The main reason for this boost has been a shift to the top end of the market. The research company found that one out of eight smartphones sold in the third quarter was priced above $900 (around £680) – a year ago, only one in 16 was.
Globally, the picture was even brighter: worldwide sales were up 3% in the last quarter, reaching 367 million units, the highest third-quarter ever, according to GfK. The main impetus for this rise was demand in Latin America, where sales rose by a healthy 11%, along with Central and Eastern Europe, which witnessed a rise of 9%. The global average selling price (ASP) was also on the way up, rising by a record 7% year-on-year.
Arndt Polifke, global director of telecom research at GfK, said: “Although unit sales may be down in some regions, the increase in ASP reveals the fantastic opportunity to grow the value of the smartphone market.
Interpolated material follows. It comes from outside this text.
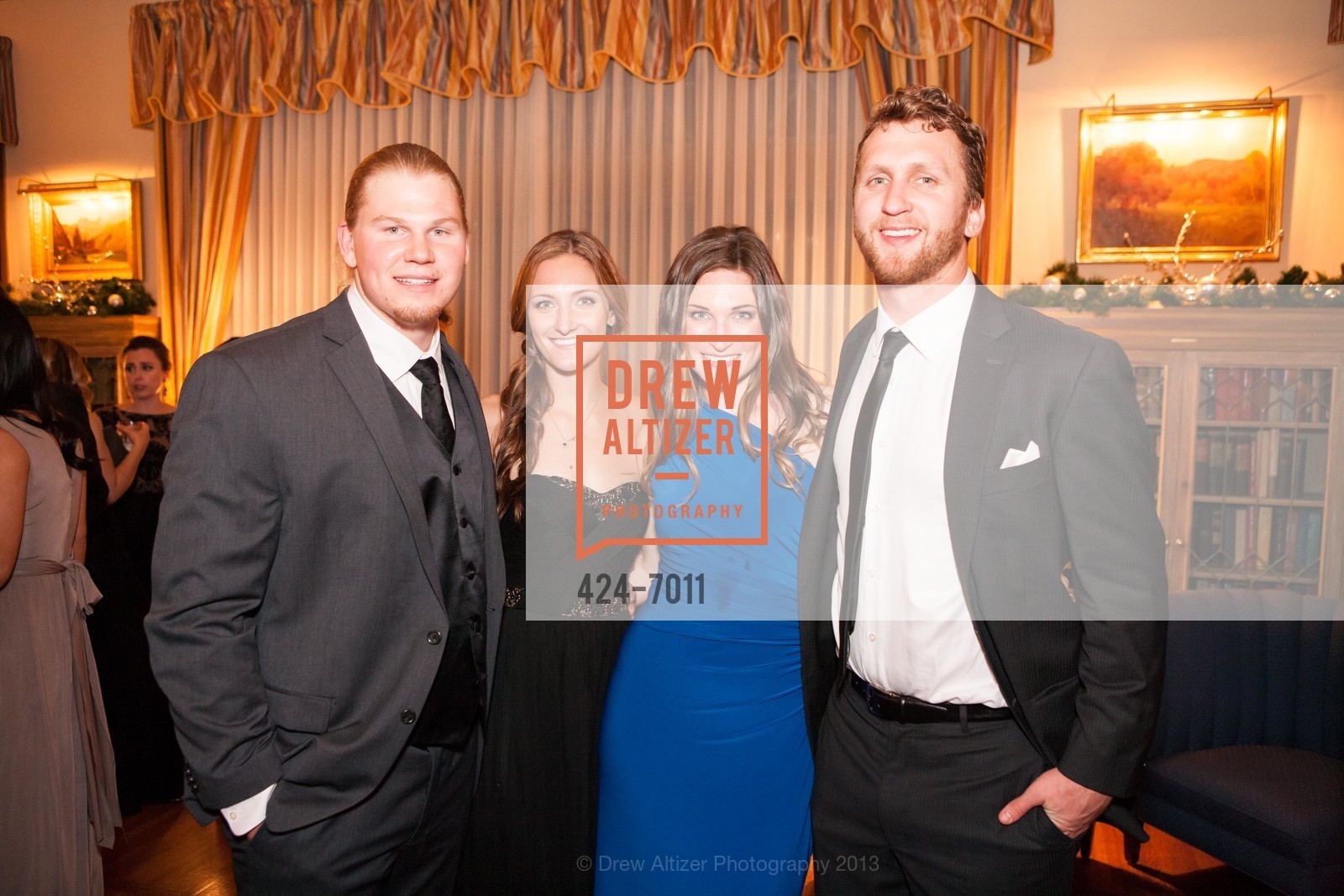 Brendan Faubion, Stephanie Coffaney, Elizabeth Layton, Paul Olson, Spinsters of San Francisco Holiday Ball, US, December 14th, 2013, Photo #424-7011 Brendan Faubion, Stephanie Coffaney, Elizabeth Layton, Paul Olson, Photo #424-7011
This is welcome news for manufacturers, particularly in regions such as Western Europe where saturation has resulted in declining sales volumes year-on-year.”
Polifke added that the vendors’ emphasis on high-end models was clearly paying dividends, with clear indicators that users would pay more for better features. “Premium features are increasing in importance to consumers, so we expect to see more emphasis on water and dust protection, battery power and memory, high resolution sound, camera and video capabilities, bezel-less design and even biometric sensors on new launches,” he noted.